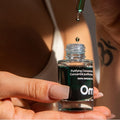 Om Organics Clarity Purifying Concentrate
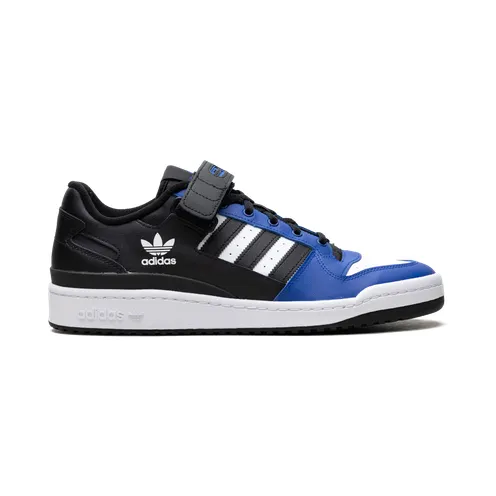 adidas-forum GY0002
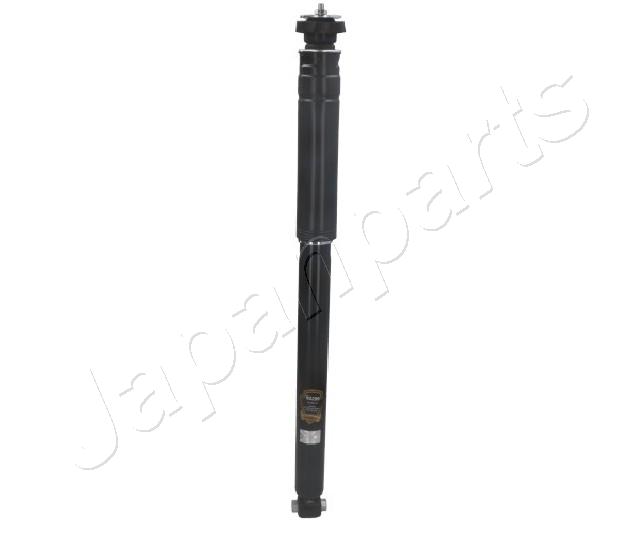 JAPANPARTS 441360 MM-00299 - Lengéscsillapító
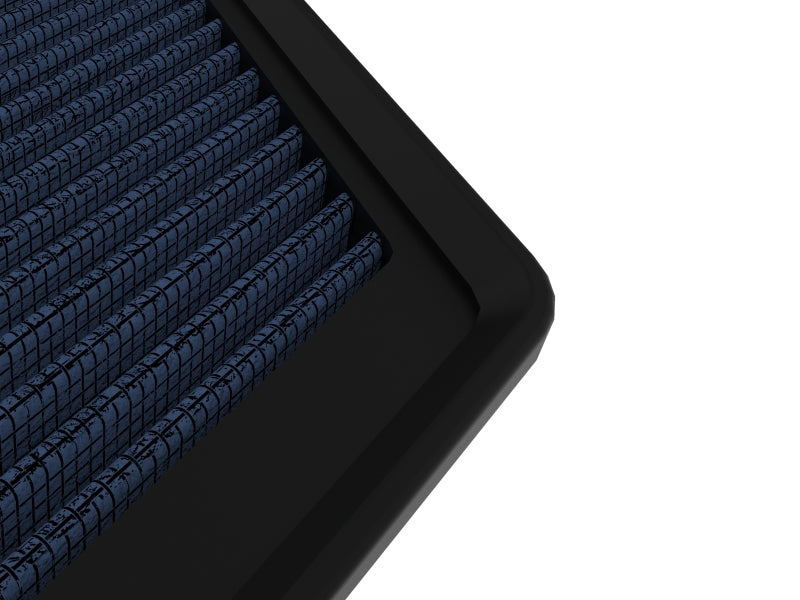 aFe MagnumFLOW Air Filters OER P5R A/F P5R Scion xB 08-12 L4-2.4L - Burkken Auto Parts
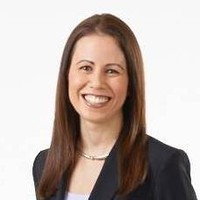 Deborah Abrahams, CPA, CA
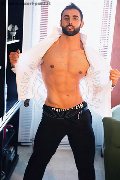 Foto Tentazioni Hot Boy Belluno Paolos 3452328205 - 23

--

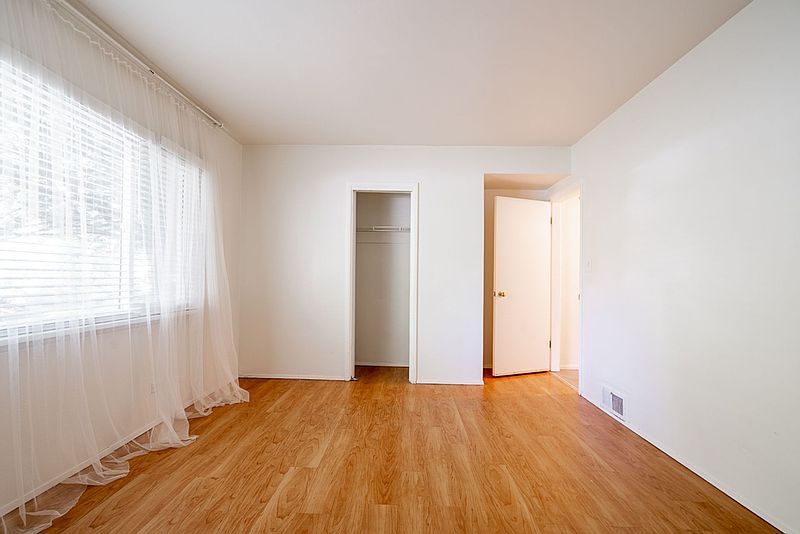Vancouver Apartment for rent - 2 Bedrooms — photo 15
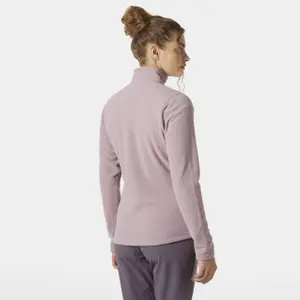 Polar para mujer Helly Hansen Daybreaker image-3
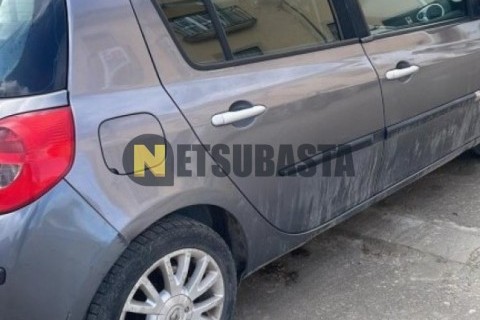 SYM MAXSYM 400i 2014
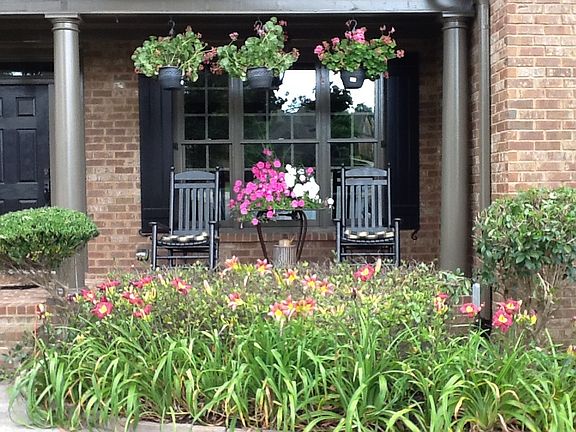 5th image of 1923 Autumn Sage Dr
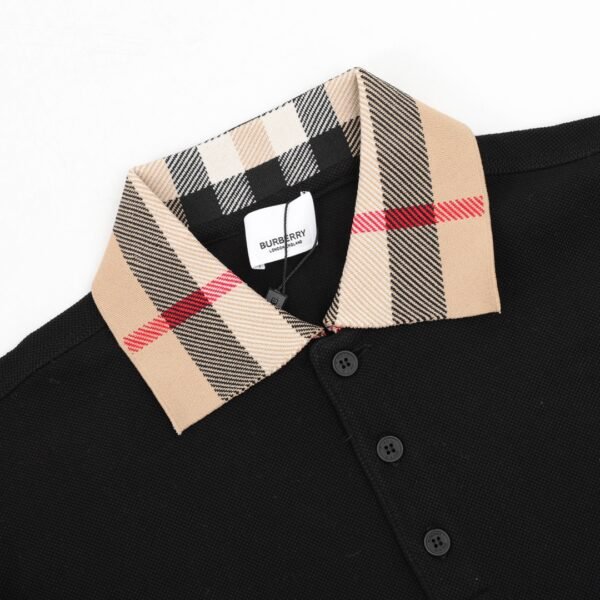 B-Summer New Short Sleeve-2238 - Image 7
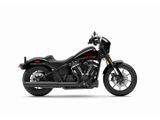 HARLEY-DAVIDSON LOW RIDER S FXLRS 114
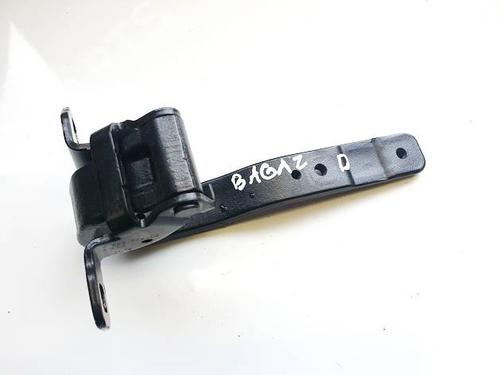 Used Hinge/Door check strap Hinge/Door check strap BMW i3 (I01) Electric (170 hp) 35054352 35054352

— REQUIREMENT —
Print exactly, with no pictures, the lines above from the one that holds "Vancouver Apartment for" through the one that holds "Used Hinge/Door check", both of them included.

— TASK RESULT —
Vancouver Apartment for rent - 2 Bedrooms — photo 15
 Polar para mujer Helly Hansen Daybreaker image-3
 SYM MAXSYM 400i 2014
 5th image of 1923 Autumn Sage Dr
 B-Summer New Short Sleeve-2238 - Image 7
 HARLEY-DAVIDSON LOW RIDER S FXLRS 114
 Used Hinge/Door check strap Hinge/Door check strap BMW i3 (I01) Electric (170 hp) 35054352 35054352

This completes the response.